A female Blue-eyed black lemur (Eulemur flavifrons).

A female Blue-eyed black lemur (Eulemur flavifrons).

AEECL focuses conservation efforts in northwest Madagascar through innovative capacity building, community outreach, and on-the-ground research programs. We have been conducting community-based conservation programs on the Sahamalaza Peninsula since 2000. We support lemur conservation by maintaining and strengthening natural habitat and improving how that habitat is used by humans. Additionally, AEECL advances the understanding and conservation of Madagascar’s lemurs through scientific research and captive breeding.

How We Protect Lemurs And Other Wildlife

Reforestation

We work with local communities to conduct community-based reforestation. AEECL’s programs planted over 111,000 trees around 14 villages in 2013 alone, involving local schools. Once the trees are planted, an association of gardeners monitors the survival of saplings and re-plants trees if necessary.

Constructing a fire break with the help of local communities.

Constructing a fire break with the help of local communities.

Patrolling Forests

We work with six local park committees to help patrol the forests in the national park. In 2013, these local park controls completed 300 patrol days.

Protecting Forests From Wildfires

Lastly, we work with local partners to organize community volunteers to build a 7 kilometer-long firebreak to protect the forest from the spread of wild fires. The community turn-out for yearly construction of the firebreak is extremely large—larger than many other community events in the region.

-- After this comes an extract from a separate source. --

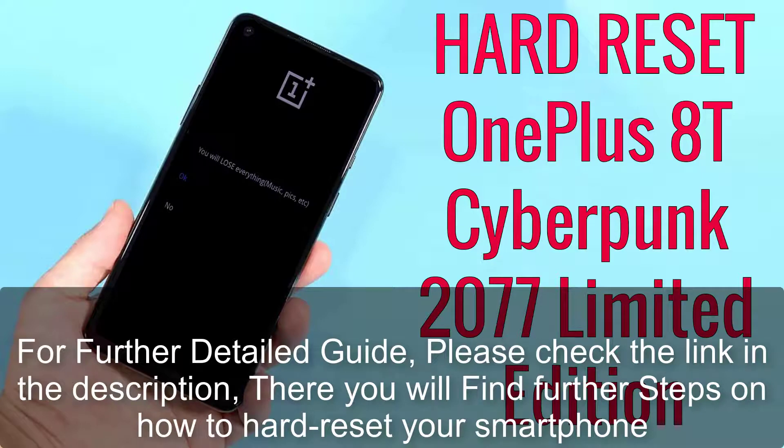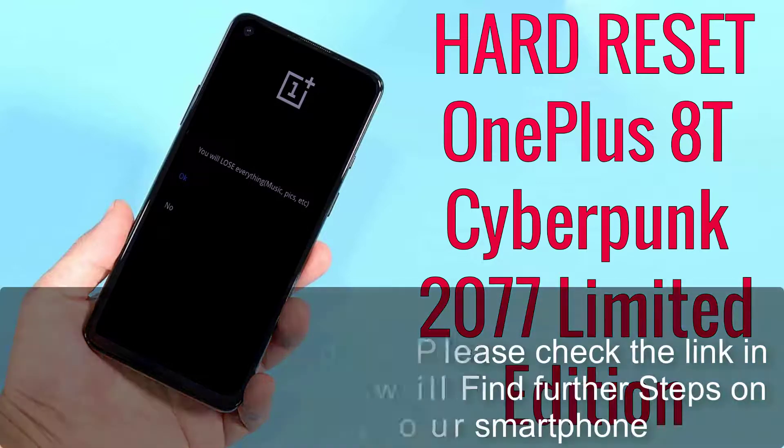For a further detailed guide, please check the link in the description. There you will find further steps on how to hard reset your smartphone.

What Lemur Species We Protect

AEECL is heavily focused on the Sahamalaza Peninsula which is home to several lemur species, including:

  • Blue-eyed black lemur (Eulemur flavifrons)
  • Sahamalaza sportive lemur (Lepilemur sahamalazensis)

How We Support Local Communities

We see community collaboration as key to supporting and protecting the wildlife and habitat within the Sahamalaza National Park.

World Environment Day parade with local authorities.

World Environment Day parade with local authorities.

Eco-tourism

Since 2013, we’ve been working with local communities to increase local capacity to accommodate tourists by building several key facilities, including housing and solar paneling.

In addition, we train members of the local community to become tourist guides. We also created a guide association, which advocates for the guides and organizes tourist group visits. Guide training helps local community members improve their french and increase their knowledge of the local ecosystem and lemur species, thus helping them to become ambassadors for Madagascar’s environment.

Social Development

We have been working in education outreach since 2012, including much-needed school construction and renovation programs which impacted thirteen schools in the perimeter of the Sahamalaza National Park. We also subsidize the salaries of 60 school teachers, impacting over 2,000 students.

We have improved sanitation, hygiene, and health through the construction of six water wells in the surrounding communities. The construction of these wells is extremely important because water shortages have become increasingly common.

Reforestation outreach in rural Malagasy communities.

Reforestation outreach in rural Malagasy communities.

Environmental Outreach

We also work on a variety of local environmental awareness initiatives, organizing activities for World Environment Day and the World Lemur Festival. Activities are planned to increase environmental awareness, including parades, speeches, radio quizzes, sports events, and community dance events.

We help fund and organize the Lampogno Festival, a fun 4-day event about how food availability and habitat conservation are connected using films, children’s activities, speeches, and even a song contest.